Dünya genelinde son yüz yılın belki de en önemli günlerinden geçiyoruz. Filmlerde görmekten ürktüğümüz bir tabloyu gerçek hayatta yaşıyoruz. Bir kez daha görüyoruz ki; dünya beşten daha büyük. Bir değil on değil elli değil tüm ülkelerin ortak meselesi haline gelen bir tehditle karşı karşıyayız. Dolayısı ile tüm dünya genelinde ortak akılla ortak bilinçle ortak bir mücadelenin içerisine girmekle yükümlüyüz. Çünkü bir hafta veya bir gün değil bir an dahi çok önemli.
Bireysel önlemler kamusal yaşamı ne kadar fazla etkilediğinin bilincinde olmakla yükümlüyüz.
Bir ben mi demeden, bir kişiyle demeden ve bir anlık ihmalin dahi koskoca bir toplumu etkileyeceğinin farkında olmamız gerekliliğinden yükümlüyüz.

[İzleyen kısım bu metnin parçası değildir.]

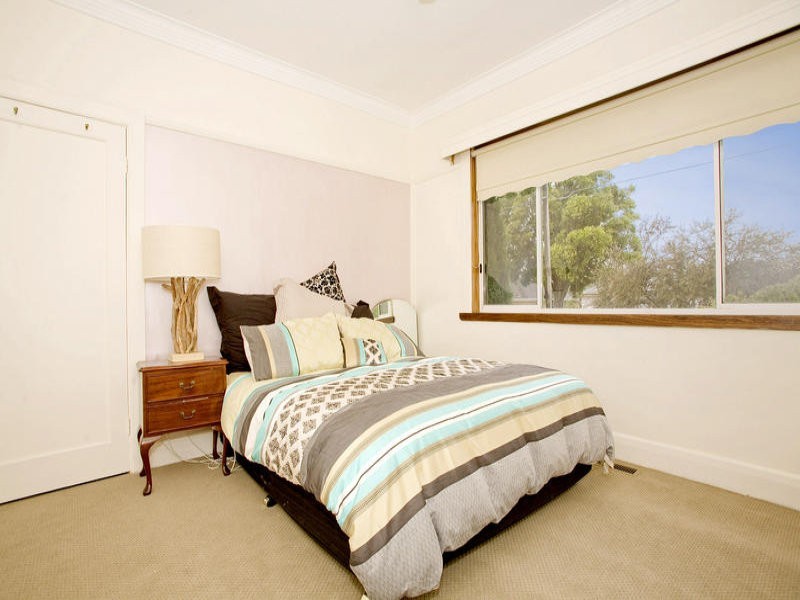 32 Sydenham Avenue, Manifold Heights VIC 3218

Sadece kendimiz veya yakın çevremiz için değil tüm insanlık adına azami özeni göstermekten yükümlüyüz.
Bakınız bir sayısal örnek vermek gerekirse; bir kişinin etkisi 625 kişiye ulaşmaktadır. Bu 625 kişinin etkisi her biri 625 kişiden hesaplandığında 390.624 ve bu 390.625 kişi de kendi çevrelerindeki 625 kişi ile çarpıldığında 244.140.625 kişi sonucu ortaya çıkmaktadır. Yani etki alanımızın ne kadar geniş olduğunun, nasıl bir çevreye hitap ettiğimizin en güzel ifadesi bu işte. Tabii ki bu ihtimal olasılığı.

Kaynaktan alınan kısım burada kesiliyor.